__EXERCISE REQUIREMENTS__. Within the entries below, find the portion that opens with the line containing "Fig. 45 - Device" and closes with the line containing "[upl. by Naimerej]". Retype that portion exactly and only.

__RECORDS FOR THIS TASK__.

▶

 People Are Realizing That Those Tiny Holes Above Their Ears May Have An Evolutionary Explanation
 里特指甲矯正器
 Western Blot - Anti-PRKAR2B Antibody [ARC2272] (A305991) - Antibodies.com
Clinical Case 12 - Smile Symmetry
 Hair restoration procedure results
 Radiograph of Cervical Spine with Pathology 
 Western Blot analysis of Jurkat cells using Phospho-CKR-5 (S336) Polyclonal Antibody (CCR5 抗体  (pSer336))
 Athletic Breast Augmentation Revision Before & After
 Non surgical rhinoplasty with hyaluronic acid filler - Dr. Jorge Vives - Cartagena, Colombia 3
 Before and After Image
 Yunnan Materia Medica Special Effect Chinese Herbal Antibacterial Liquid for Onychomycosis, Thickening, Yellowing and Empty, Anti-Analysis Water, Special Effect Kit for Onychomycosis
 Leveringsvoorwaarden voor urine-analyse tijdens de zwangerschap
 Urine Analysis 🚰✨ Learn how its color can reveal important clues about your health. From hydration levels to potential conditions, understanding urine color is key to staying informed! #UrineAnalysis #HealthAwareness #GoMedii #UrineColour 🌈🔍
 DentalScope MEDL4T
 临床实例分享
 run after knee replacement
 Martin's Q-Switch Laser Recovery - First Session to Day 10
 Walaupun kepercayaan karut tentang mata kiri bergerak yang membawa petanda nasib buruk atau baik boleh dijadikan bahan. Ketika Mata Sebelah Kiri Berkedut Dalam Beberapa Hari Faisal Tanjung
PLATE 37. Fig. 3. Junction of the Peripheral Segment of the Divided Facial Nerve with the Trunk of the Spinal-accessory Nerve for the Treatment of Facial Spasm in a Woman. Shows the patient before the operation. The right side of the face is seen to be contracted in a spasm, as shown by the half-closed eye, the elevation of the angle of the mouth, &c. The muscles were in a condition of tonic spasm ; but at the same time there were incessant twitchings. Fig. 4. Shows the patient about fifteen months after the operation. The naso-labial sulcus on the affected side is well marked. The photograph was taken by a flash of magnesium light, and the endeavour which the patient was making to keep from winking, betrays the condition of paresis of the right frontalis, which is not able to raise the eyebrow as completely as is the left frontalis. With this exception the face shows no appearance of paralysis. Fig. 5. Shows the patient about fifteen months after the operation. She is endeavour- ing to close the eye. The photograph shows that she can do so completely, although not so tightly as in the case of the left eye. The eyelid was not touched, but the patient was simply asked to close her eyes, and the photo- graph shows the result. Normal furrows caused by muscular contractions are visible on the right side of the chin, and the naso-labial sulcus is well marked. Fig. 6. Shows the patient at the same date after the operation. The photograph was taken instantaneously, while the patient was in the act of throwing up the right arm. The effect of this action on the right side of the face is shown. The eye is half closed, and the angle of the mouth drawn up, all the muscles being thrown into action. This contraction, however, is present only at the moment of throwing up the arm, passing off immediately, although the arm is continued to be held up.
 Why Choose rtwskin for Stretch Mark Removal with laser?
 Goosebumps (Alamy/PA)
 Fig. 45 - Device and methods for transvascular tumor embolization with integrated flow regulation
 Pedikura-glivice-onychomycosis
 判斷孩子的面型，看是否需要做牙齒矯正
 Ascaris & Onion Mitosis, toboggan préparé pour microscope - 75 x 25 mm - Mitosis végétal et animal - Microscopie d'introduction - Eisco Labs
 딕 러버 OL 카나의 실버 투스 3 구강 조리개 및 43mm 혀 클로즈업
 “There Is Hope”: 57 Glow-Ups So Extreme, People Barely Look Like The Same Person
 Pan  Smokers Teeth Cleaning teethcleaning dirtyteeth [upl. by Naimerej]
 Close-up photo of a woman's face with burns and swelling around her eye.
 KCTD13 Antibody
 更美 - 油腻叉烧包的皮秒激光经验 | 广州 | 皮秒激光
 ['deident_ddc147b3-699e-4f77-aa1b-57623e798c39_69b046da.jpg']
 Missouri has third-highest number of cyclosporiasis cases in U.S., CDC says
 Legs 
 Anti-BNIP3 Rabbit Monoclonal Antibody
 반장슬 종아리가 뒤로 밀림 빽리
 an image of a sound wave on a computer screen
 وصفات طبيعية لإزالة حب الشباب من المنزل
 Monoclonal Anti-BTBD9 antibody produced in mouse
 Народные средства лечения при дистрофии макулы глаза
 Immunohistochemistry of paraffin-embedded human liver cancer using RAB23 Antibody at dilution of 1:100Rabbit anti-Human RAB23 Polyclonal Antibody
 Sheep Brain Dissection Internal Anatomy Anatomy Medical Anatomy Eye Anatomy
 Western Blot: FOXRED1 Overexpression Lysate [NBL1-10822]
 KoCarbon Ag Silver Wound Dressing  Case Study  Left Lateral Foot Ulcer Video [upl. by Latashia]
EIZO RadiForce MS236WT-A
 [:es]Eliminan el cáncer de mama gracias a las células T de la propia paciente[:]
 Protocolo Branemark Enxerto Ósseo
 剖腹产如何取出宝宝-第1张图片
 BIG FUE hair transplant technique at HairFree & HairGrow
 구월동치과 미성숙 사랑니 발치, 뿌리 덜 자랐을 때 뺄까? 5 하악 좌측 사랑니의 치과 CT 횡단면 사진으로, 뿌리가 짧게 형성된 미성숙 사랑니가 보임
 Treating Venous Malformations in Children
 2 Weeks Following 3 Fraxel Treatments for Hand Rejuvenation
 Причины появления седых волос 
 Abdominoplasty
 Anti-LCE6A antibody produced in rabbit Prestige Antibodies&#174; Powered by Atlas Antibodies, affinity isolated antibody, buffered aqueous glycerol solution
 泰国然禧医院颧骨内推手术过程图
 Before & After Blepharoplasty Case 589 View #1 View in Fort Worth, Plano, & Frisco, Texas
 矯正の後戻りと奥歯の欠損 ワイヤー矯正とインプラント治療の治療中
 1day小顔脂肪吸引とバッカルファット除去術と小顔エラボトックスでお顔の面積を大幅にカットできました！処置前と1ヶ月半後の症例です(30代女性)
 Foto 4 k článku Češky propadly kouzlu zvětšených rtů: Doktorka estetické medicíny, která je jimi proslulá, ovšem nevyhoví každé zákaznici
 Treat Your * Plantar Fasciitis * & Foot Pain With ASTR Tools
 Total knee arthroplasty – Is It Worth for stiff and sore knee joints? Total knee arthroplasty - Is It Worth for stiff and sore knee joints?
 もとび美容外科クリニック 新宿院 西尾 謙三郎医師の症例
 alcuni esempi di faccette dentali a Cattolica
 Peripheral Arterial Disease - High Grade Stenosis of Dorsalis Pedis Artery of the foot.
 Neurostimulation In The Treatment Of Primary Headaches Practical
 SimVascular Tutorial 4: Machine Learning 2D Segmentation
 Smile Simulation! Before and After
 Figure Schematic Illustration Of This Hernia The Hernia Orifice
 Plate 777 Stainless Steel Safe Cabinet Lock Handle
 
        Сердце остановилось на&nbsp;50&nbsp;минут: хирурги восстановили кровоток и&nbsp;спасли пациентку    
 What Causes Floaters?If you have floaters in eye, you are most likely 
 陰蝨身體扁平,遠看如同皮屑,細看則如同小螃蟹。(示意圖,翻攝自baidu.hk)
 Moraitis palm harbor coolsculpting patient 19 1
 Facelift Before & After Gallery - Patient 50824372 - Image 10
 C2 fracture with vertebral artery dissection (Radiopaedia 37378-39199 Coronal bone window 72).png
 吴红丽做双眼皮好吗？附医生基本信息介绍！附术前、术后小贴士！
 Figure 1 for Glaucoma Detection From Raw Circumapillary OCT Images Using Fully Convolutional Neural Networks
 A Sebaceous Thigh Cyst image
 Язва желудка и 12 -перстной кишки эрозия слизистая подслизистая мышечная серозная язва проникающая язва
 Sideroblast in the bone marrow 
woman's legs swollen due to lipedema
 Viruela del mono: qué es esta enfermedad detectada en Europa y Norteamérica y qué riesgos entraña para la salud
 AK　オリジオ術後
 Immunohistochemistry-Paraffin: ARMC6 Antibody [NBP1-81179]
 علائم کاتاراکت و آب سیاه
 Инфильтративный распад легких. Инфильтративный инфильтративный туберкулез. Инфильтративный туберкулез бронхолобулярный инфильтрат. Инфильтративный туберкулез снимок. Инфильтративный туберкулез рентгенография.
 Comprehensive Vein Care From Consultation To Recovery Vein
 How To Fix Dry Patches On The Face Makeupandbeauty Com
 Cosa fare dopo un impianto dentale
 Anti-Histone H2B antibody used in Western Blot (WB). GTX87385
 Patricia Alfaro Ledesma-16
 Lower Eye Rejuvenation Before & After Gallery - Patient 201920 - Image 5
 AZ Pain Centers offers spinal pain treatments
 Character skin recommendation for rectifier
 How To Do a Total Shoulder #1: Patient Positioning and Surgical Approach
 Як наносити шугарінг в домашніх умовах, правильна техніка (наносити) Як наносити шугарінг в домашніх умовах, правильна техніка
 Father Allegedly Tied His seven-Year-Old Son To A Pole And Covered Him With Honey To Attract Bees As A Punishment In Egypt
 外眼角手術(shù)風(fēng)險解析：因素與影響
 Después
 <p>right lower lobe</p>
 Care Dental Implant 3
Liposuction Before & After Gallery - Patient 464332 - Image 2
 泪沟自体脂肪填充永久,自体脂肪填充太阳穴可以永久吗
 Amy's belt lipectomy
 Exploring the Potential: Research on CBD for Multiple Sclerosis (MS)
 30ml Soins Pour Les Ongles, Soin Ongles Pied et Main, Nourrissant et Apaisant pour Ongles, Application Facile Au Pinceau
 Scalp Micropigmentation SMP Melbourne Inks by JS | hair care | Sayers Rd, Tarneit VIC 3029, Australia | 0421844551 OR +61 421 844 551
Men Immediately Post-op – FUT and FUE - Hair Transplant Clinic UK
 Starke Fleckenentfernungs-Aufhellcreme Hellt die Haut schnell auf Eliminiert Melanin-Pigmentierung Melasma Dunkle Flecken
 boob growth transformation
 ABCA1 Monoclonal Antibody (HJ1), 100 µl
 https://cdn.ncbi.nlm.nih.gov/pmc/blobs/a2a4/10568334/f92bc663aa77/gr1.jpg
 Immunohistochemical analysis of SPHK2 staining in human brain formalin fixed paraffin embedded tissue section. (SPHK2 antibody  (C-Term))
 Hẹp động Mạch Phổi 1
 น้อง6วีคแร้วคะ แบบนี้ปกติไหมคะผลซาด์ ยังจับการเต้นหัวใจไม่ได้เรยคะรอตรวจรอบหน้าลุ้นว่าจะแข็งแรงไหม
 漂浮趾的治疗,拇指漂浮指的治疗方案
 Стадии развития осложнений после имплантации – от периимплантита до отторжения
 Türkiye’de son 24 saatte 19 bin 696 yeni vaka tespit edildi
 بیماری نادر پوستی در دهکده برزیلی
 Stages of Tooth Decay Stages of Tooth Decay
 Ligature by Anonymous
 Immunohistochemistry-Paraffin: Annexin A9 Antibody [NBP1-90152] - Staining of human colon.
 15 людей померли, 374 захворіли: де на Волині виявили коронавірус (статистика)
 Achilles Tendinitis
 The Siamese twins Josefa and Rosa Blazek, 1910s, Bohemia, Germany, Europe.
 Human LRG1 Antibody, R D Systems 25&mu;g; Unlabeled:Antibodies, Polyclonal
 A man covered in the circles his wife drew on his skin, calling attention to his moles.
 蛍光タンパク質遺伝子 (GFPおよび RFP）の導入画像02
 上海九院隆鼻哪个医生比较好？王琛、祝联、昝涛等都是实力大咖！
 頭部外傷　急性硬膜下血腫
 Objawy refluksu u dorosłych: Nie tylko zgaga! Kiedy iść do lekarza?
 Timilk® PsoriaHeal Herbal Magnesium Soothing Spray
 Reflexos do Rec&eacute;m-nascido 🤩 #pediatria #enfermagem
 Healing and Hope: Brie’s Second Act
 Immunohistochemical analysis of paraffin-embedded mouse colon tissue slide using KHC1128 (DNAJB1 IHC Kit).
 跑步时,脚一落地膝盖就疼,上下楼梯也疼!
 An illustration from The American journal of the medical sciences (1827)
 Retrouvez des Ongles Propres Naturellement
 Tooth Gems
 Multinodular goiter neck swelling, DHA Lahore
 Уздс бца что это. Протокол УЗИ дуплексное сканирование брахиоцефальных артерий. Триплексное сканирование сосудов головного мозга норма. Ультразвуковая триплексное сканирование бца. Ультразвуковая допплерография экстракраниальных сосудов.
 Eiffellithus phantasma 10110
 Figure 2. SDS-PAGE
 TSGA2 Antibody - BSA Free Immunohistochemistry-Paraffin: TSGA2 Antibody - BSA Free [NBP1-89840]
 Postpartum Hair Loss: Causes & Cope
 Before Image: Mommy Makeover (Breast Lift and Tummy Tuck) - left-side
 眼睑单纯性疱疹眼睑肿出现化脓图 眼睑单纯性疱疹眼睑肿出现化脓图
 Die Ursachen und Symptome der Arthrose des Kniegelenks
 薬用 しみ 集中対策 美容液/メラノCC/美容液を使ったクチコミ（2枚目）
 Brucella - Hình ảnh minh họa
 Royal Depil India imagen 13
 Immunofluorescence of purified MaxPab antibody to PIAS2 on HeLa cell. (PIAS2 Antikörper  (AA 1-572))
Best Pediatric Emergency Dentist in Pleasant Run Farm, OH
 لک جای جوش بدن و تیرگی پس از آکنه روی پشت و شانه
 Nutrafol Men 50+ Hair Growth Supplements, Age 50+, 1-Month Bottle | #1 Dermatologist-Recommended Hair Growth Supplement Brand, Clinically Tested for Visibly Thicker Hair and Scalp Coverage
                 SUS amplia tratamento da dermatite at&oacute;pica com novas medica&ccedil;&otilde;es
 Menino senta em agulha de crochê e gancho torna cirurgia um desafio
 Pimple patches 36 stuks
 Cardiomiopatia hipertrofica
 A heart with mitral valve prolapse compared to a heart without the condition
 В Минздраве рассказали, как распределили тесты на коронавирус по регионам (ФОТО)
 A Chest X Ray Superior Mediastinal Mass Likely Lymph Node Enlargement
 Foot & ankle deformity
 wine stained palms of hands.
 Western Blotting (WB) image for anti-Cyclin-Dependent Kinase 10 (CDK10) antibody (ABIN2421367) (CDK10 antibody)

◀

__YOUR RESPONSE__.
 Fig. 45 - Device and methods for transvascular tumor embolization with integrated flow regulation
 Pedikura-glivice-onychomycosis
 判斷孩子的面型，看是否需要做牙齒矯正
 Ascaris & Onion Mitosis, toboggan préparé pour microscope - 75 x 25 mm - Mitosis végétal et animal - Microscopie d'introduction - Eisco Labs
 딕 러버 OL 카나의 실버 투스 3 구강 조리개 및 43mm 혀 클로즈업
 “There Is Hope”: 57 Glow-Ups So Extreme, People Barely Look Like The Same Person
 Pan  Smokers Teeth Cleaning teethcleaning dirtyteeth [upl. by Naimerej]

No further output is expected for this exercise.